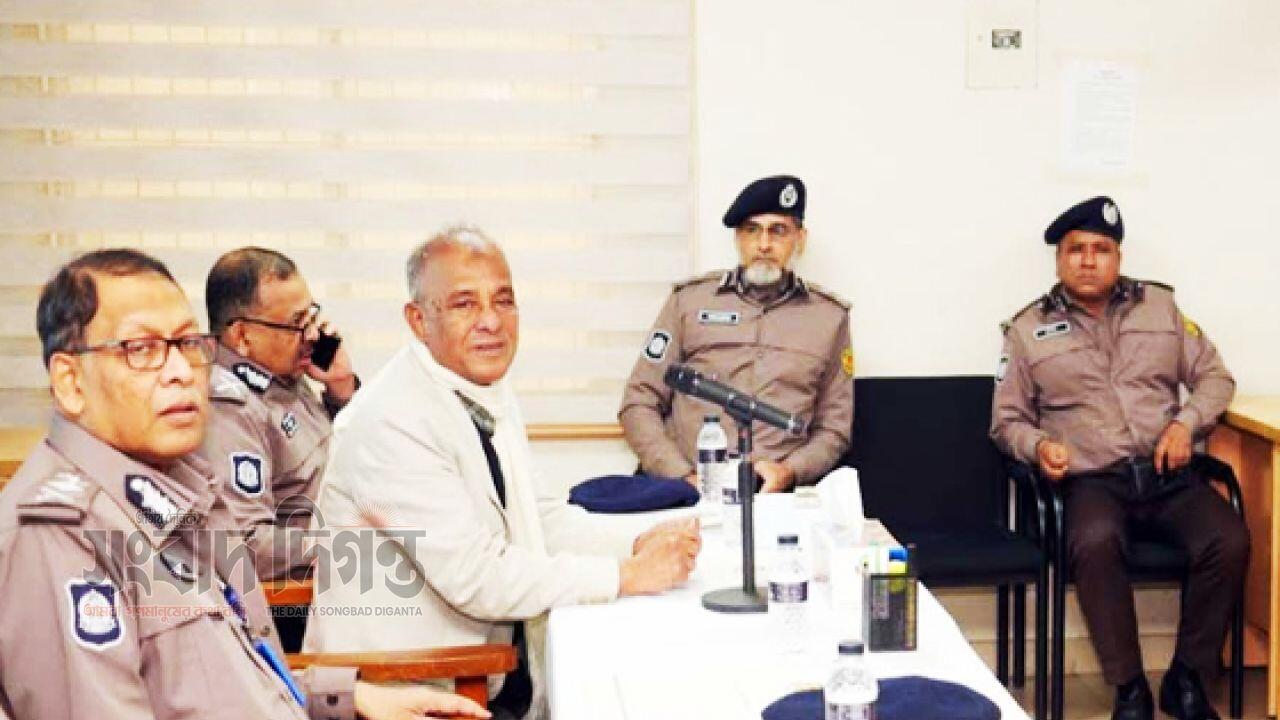 নির্বাচনে পুলিশ হবে জনগণের আস্থার প্রতীক: স্বরাষ্ট্র উপদেষ্টা
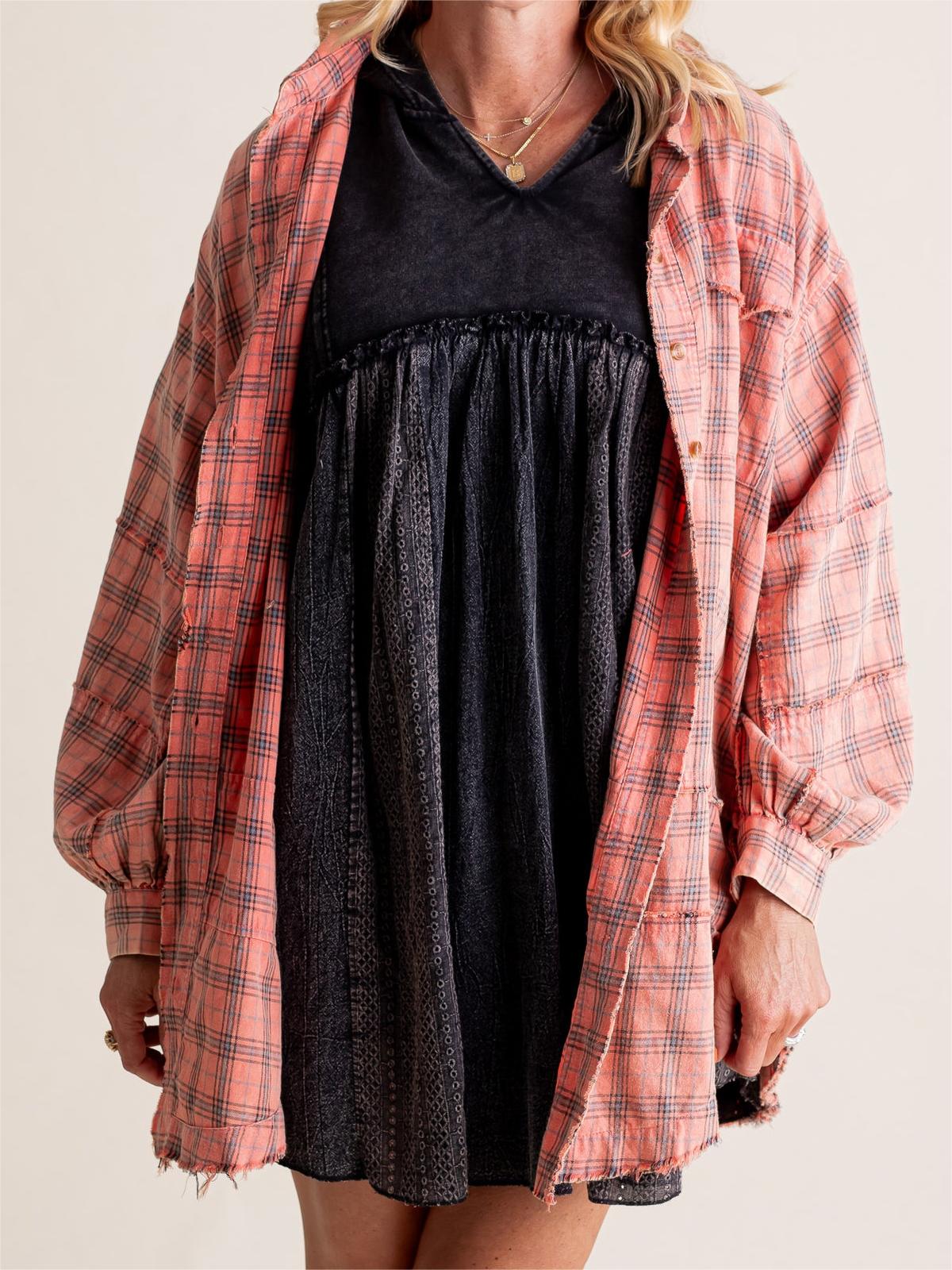 🔥50% OFF & Free Shipping🔥🏆Women's Mineral Washed Button Down Plaid Shirt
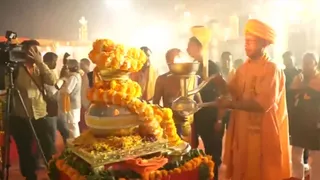 Ayodhya Deepotsav 2025: CM Yogi Adityanath performs evening aarti at Ram ki paidi on the banks of river Saryu during Deepotsav – ayodhya deepotsav 2025 CM Yogi performs evening aarti at ram ki paidi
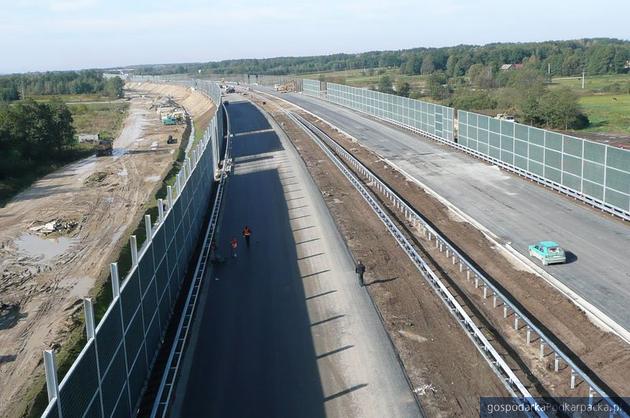 Fragment autostrady A4 na odcinku Dębica-Rzeszów, budowany przez Budimex. Fot. Rafał Mrozowicz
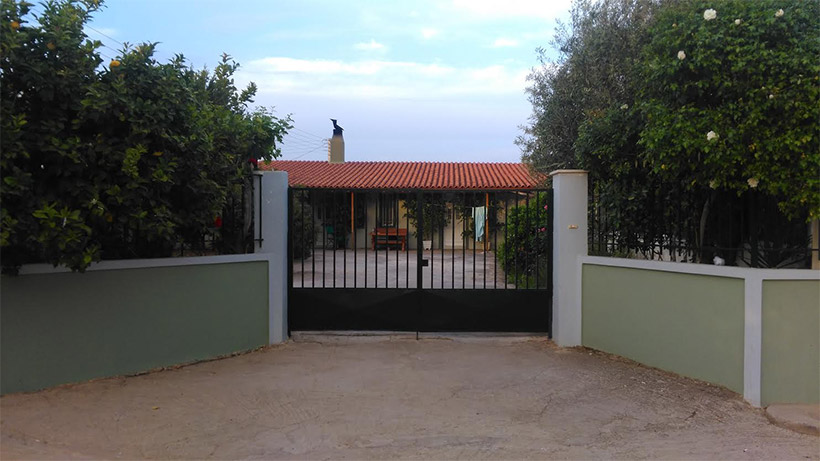 Ομολόγησε η θεία του 4χρονου κοριτσιού στα Μέγαρα: «Το σκότωσα για να μην το πάρει η αδελφή μου» [φωτό, βίντεο]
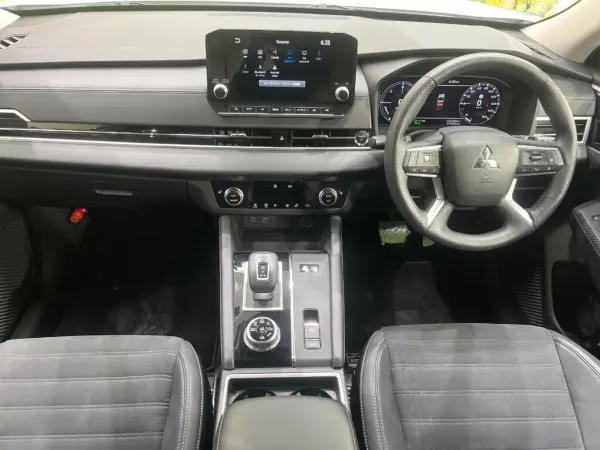 2022 Mitsubishi Outlander — photo 2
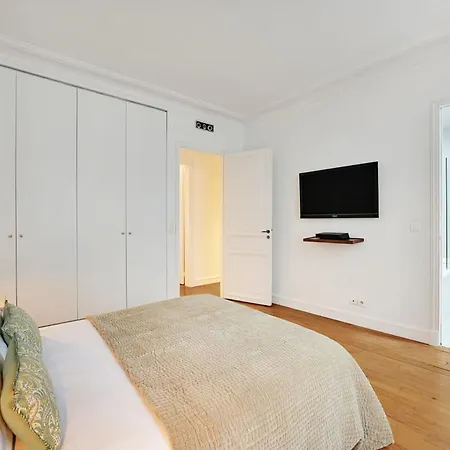 Apartment Marais 2b With Balcony By Melvane Luxury *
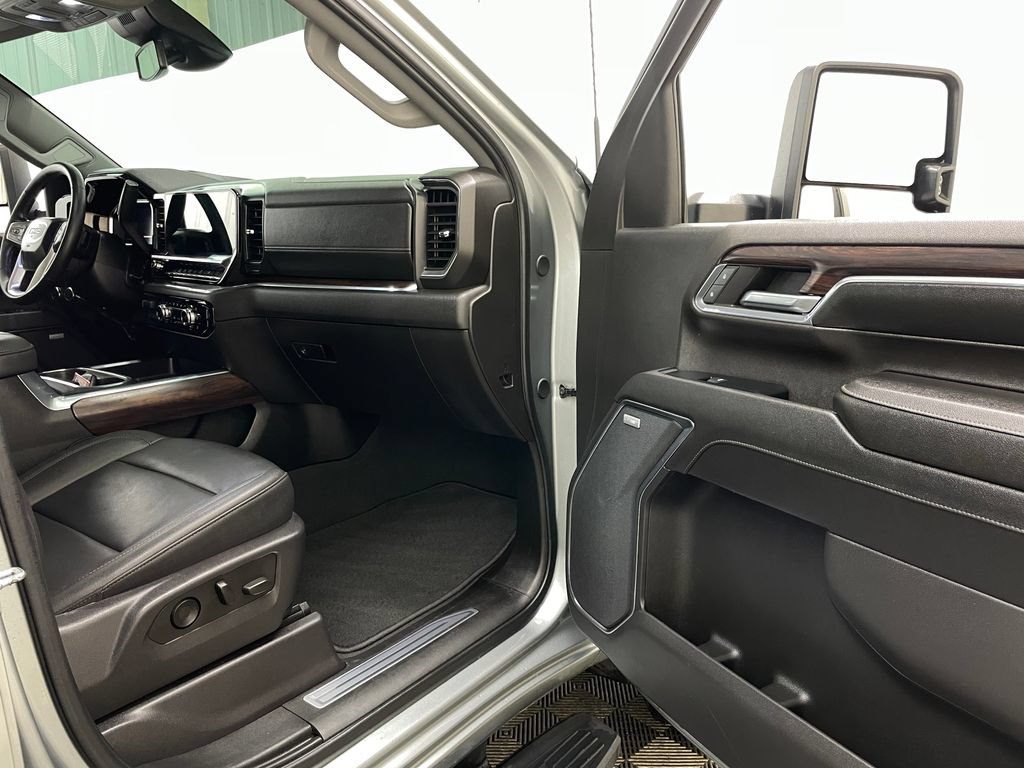Certified 2024 GMC Sierra 2500 SLT w/ SLT Premium Package AWD/4WD image 42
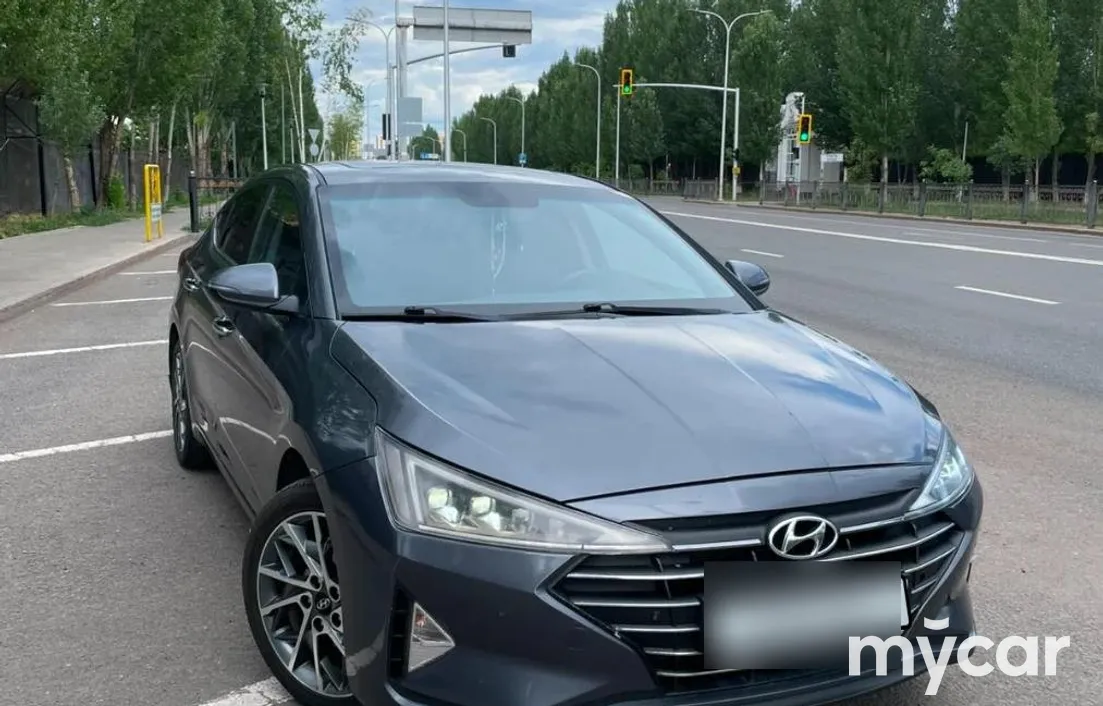 Hyundai Elantra 2019
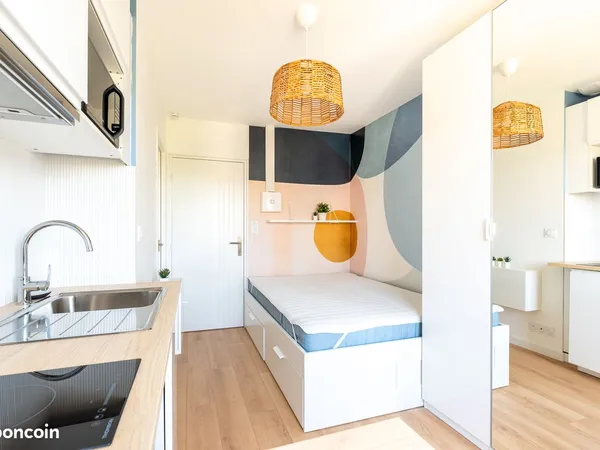 Studio Meublé et équipé de 15m² refait à neuf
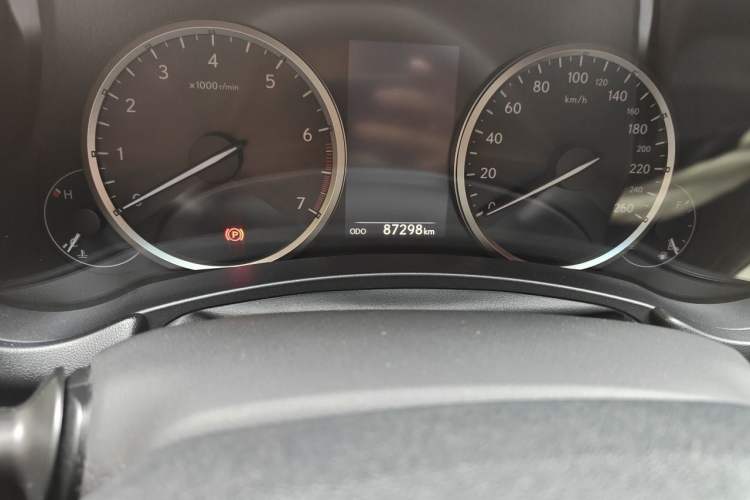 Used Lexus NX 2016 200 All-Wheel Drive FENGSHANG Version Odometer Close Up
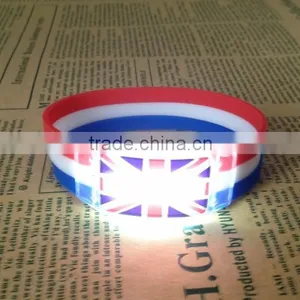 2016 Promotional LED Silicone Bracelet China Supplier thumbnail-5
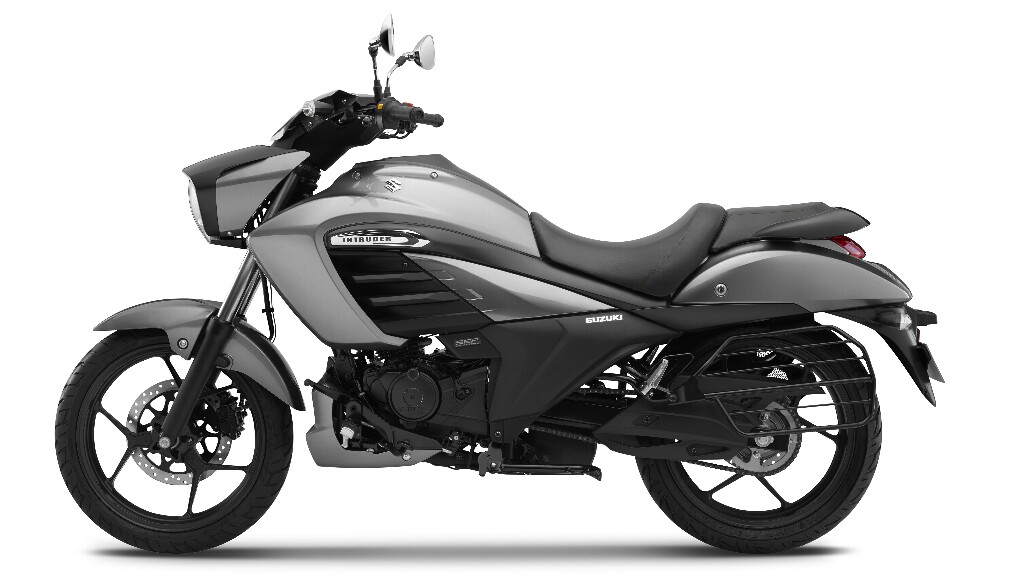 Suzuki Intruder 150 Side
● ● ●
**Requirement**
Could you repeat the listing above exactly, omitting its pictures?

**Response**
 নির্বাচনে পুলিশ হবে জনগণের আস্থার প্রতীক: স্বরাষ্ট্র উপদেষ্টা
 🔥50% OFF & Free Shipping🔥🏆Women's Mineral Washed Button Down Plaid Shirt
 Ayodhya Deepotsav 2025: CM Yogi Adityanath performs evening aarti at Ram ki paidi on the banks of river Saryu during Deepotsav – ayodhya deepotsav 2025 CM Yogi performs evening aarti at ram ki paidi
 Fragment autostrady A4 na odcinku Dębica-Rzeszów, budowany przez Budimex. Fot. Rafał Mrozowicz
 Ομολόγησε η θεία του 4χρονου κοριτσιού στα Μέγαρα: «Το σκότωσα για να μην το πάρει η αδελφή μου» [φωτό, βίντεο]
 2022 Mitsubishi Outlander — photo 2
 Apartment Marais 2b With Balcony By Melvane Luxury *
Certified 2024 GMC Sierra 2500 SLT w/ SLT Premium Package AWD/4WD image 42
 Hyundai Elantra 2019
 Studio Meublé et équipé de 15m² refait à neuf
 Used Lexus NX 2016 200 All-Wheel Drive FENGSHANG Version Odometer Close Up
 2016 Promotional LED Silicone Bracelet China Supplier thumbnail-5
 Suzuki Intruder 150 Side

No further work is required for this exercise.